No narration available

Earl Edwards has served as a professor of Bible at Freed-Hardeman University (Henderson, Tennessee) for more than twenty years. Not only is he an accomplished Bible scholar, he has long been dedicated to mission work, serving as a missionary in Italy for sixteen years, and having led mission groups to some eight other nations. In this article, he discusses some of the important principles that underlie the prudent selection of those who enter the mission field.
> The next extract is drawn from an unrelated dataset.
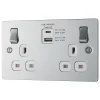 LAP 13A 2-Gang SP Switched Socket + 4.2A 2-Outlet Type A & C USB Charger Polished Chrome With White Inserts -British General Shop 575HF P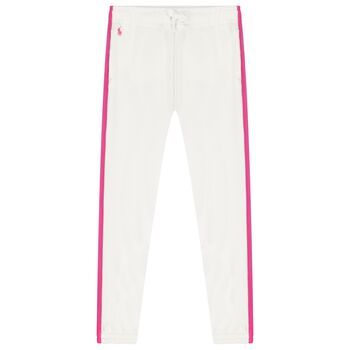 Girls White & Pink Logo Joggers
Before investing funds and effort in sending an evangelist to any field, the elders of the supporting congregation should certainly ask themselves what probabilities exist that the person supported will do effective work in the field where he is to be sent. The results of such an inquiry should be weighed very carefully before making a final decision in each case. These matters should be considered even more thoroughly when the field requires the learning of many new customs and another language. Though it is not a pleasant admission to have to make, most seasoned workers, especially in foreign fields, would be in agreement that some workers who have been sent have done more harm to the work than good. This unfortunate situation can be, in a large measure, avoided by a more careful selection of those who are to be sent.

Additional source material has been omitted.